As a Republican in Arkansas, he said, he feels like "Michael Vick at the Westminster Dog Show." And about buying votes: "I can't buy you. I don't have the money. I can't even rent you."

But to whom were you referring, Governor, when you added this: "A straw poll is not about electing a straw man." And what fellow candidates were you pointing the finger at when you said they may be engaging in false advertising, a behavior you said Jesus cursed?

The Others. You have to love the Ron Paul-ites. Loud, fervent, and looking much more like the motley crews—young and old, dreadlocked and crew cut—that frequent liberal gatherings, not conservative events in the middle of the heartland.

They marched through the grounds chanting for their guy, toting signs—example: "Abolish the IRS and Replace it with Nothing"—and crowding Paul's tent (hot dogs and lemonade, for the record) to hear the candidate's libertarian pep talks.

"He's the opposite of a politician—he's never made deals," said Jamie Kelso, a supporter from Florida who was wearing a "Gun Owners 4 Paul" button. And that was one of Paul's problems Saturday: Most of his supporters came from out of state. But no one in the Texas congressman's tent complained about his fifth-place finish ahead of former Wisconsin Gov. Tommy Thompson and three big names who didn't compete here: Fred Thompson, Rudy Giuliani, and John McCain.

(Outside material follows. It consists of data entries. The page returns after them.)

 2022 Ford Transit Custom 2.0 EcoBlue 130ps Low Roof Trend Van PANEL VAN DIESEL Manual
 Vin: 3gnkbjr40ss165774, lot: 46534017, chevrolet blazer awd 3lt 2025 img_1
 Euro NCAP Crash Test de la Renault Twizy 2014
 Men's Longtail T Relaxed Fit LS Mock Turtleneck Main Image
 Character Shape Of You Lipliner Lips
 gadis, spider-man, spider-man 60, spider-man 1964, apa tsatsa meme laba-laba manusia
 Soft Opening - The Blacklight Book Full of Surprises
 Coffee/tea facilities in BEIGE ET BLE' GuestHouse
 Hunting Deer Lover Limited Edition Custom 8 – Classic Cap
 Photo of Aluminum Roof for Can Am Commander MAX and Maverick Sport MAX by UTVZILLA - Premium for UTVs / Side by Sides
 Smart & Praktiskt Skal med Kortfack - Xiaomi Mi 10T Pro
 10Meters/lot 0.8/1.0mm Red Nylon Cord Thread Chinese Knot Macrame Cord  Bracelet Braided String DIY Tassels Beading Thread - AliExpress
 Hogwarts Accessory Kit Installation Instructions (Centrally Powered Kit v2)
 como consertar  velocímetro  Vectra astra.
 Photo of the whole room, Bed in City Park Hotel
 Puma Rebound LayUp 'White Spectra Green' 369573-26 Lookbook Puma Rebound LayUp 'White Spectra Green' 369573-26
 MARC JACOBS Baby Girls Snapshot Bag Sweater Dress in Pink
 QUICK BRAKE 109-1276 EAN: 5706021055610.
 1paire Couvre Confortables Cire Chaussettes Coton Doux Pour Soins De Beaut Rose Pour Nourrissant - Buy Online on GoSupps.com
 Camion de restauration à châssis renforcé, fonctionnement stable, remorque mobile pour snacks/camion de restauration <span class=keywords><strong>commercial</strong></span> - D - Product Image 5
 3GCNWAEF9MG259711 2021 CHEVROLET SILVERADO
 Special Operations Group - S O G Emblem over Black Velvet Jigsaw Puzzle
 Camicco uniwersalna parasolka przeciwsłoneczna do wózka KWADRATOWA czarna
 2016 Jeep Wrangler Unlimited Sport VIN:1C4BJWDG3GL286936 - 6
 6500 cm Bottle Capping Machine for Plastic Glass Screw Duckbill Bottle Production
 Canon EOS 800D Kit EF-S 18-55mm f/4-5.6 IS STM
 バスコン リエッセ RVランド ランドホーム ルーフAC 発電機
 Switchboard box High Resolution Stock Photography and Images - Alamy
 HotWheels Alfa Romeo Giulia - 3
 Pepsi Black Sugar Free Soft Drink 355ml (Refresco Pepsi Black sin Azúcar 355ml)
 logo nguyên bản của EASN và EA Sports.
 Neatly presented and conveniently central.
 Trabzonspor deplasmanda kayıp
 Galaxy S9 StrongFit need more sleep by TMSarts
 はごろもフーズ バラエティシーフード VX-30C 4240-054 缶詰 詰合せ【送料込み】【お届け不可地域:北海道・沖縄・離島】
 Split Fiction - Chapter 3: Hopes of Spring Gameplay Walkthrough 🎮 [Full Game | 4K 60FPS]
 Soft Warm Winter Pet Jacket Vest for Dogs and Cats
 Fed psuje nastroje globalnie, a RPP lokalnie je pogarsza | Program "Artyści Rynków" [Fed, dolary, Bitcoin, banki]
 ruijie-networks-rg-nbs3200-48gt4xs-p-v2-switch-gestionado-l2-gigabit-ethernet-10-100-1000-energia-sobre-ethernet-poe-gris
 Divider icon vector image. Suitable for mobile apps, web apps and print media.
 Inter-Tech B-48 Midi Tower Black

But at Tommy Thompson's tent, even before votes were counted, there was the feeling of a chapter on the verge of being closed. Supporters stopped by to quietly hug the former Health and Human Services chief, offering good wishes and thanks. Thompson posed for a picture with immigrants from India, now successful business people in Iowa, while a supporter, "New York" Myke Shelby, a Harley rider in from California, suggested a Duncan Hunter-Tommy Thompson ticket. "It would attract all the liberals who would think they're voting for Hunter Thompson," Shelby said. He admitted to using the joke before. More than once. But by Sunday, the quips were history; Thompson announced he was withdrawing from the race.